We have a few clients that had their servers completely stalled due to the fact that GetEventStore (GES) ate up all their memory. We can reproduce the issue in-house both with version 1.0.1 and 2.0.1 of GES; they show the exact same behavior.
If we have a data-set with 13 chunks (each 256 MB) GES immediately allocates about 13*256 MB ~ 3.3 GB RAM while starting up. The memory is NOT released afterwards. As soon as we stop GES the memory is released. See attached screenshot of the Task Manager.
To run the tests we start GES from the command line with the following parameters
the situation does not change significantly. GES uses maybe 200 MB less.
Some of our customers have already 20+ chunks and their numbers are growing fast.
Usually the environment we use is a dedicated VM with 8 GB of RAM. In the above cases we could mitigate the situation by adding another 8 GB RAM but customers are concerned.

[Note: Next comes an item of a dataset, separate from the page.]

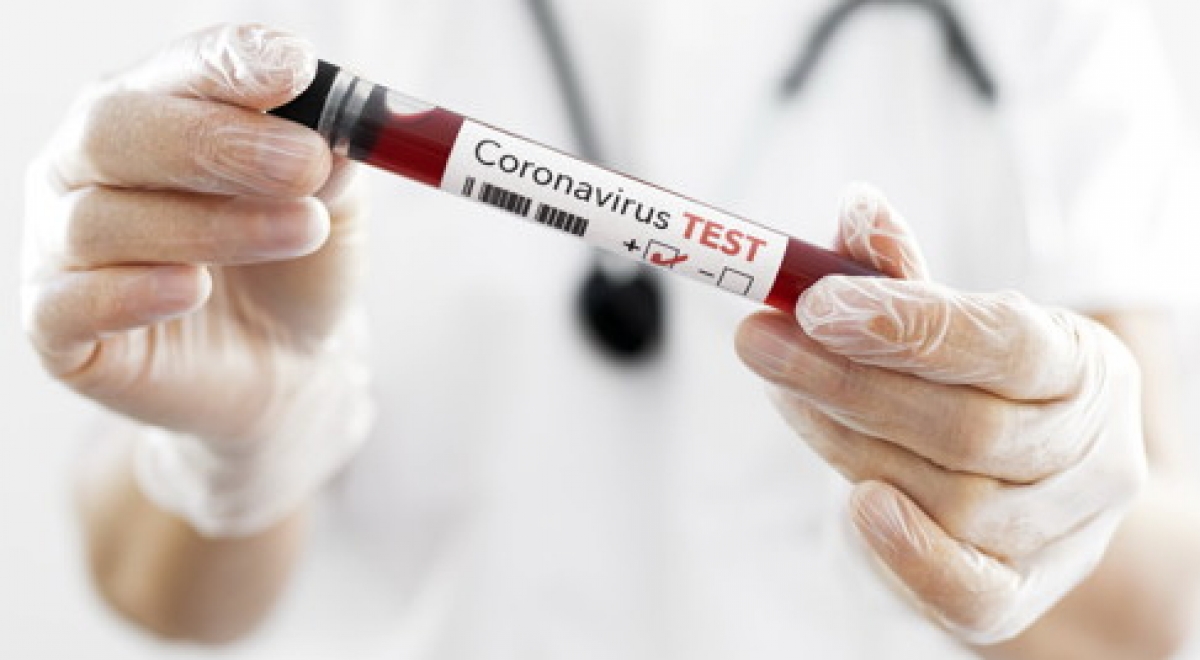 А. Цой: ситуация с заболеваемостью COVID-19 стабилизировалась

I feel like we do something fundamentally wrong but looking at the documentation (specifically the command line parameters) we do not see anything evident. Any help is appreciated
the screenshot you show probably includes file cache size and it is typical when you run event store. Typically windows does not release file cache memory unless it experience memory pressure. This is my guess only, however.
Do you use projections?
Could you inspect .NET related and memory related performance counters for event store process?

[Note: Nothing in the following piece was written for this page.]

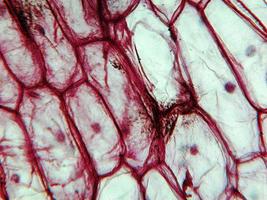 Onion epidermus micrograph photo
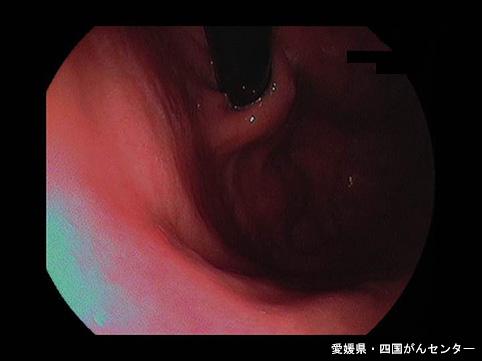 画像ID:5476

Do you see anything interesting in log files?
What is average size of your events?
What happens when your server goes down with memory out? Does the process crash?
Event 100 chunks should not be a problem on 8GB RAM
Ges is not allocating this memory. The file system is. This is completely normal as the file system is caching files. If you put it under pressure the file system gives up it’s caching. If you look at process memory ges is probably using about 800m by default configuration.
Btw in a newer branch we are also supporting memory mapped files but the same type of behaviour will be able to happen as the os will be swapping out the pages.
The servers went down and we had to increase memory to 16GB.
The eventstore process continues under memory pressure paging excessively. The other processes like w3wp report insufficient memory to process requests.
We will monitor the suggested counters tomorrow during the day
BTW shouldn’t we be able to set an upper limit to the memory consumption of GES similar to an RDBMS. IIRC Ayende does this also for Raven DB. Mongo DB that we use in production also is very humble regarding memory consumption.
We do not run any projections on GES. We have loads of different events and their size varies from tiny to maybe 1kB if big… but I do not really have any exact numbers there
If you want to avoid the initial use of memory set the don’t validate chunks option at startup. By default we will open all chunks at startup and validate their checksums. This also primes them into the file cache. As far as limiting things I believe you can do this in the windows file cache itself. What we are doing is just allowing the os to make such decisions.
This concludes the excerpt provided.